# Operator Theory Problem on Momentum Operator (QM)

## Homework Statement

Given the operators $\hat{x}=x\cdot$ and $\hat{p}=-i\hbar \frac{d}{dx}$, prove that:

$[\hat{x}, g(\hat{p})]=i\hbar \frac{dg}{d\hat p}$

None.

## The Attempt at a Solution

I have very little idea on how to begin this problem, but I don't want a solution, I simply want a hint in the right direction.

Thanks, mates.

Last edited:

Dick
Science Advisor
Homework Helper

## Homework Statement

Given the operators $\hat{x}=x\cdot$ and $\hat{p}=-i\hbar \frac{d}{dx}$, prove that:

$[\hat{x}, g(\hat{p})]=i\hbar \frac{dg}{d\hat p}$

None.

## The Attempt at a Solution

I have very little idea on how to begin this problem, but I don't want a solution, I simply want a hint in the right direction.

Thanks, mates.

Expand ##g(p)## in a power series. What's ##[x,p^n]##?

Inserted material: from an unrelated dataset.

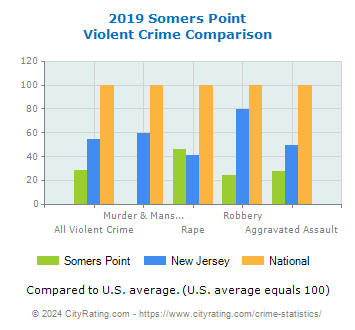 Somers Point Violent Crime vs. State and National Comparison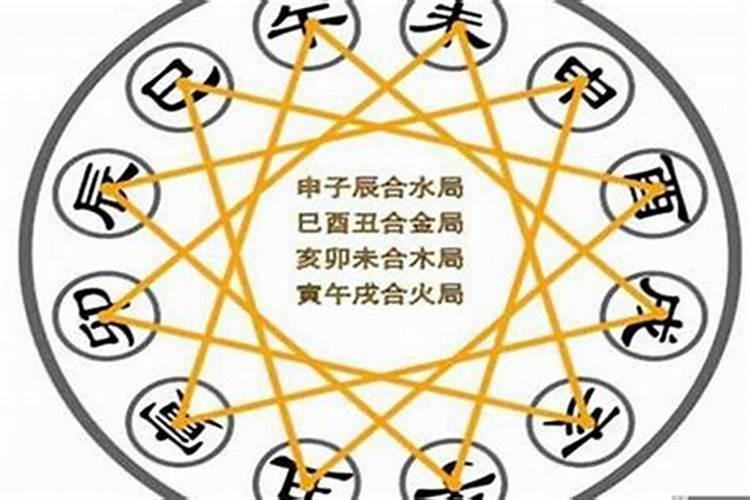 属相不合,八字不合还该在一起么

Actually, I realized it was even easier than that, but thank you!

Consider the case in momentum-space rather than position-space, and this reduces nicely using elementary operations.

Dick
Science Advisor
Homework Helper
Actually, I realized it was even easier than that, but thank you!

Consider the case in momentum-space rather than position-space, and this reduces nicely using elementary operations.

Sure, that works also. x is a differentiation operator in p space.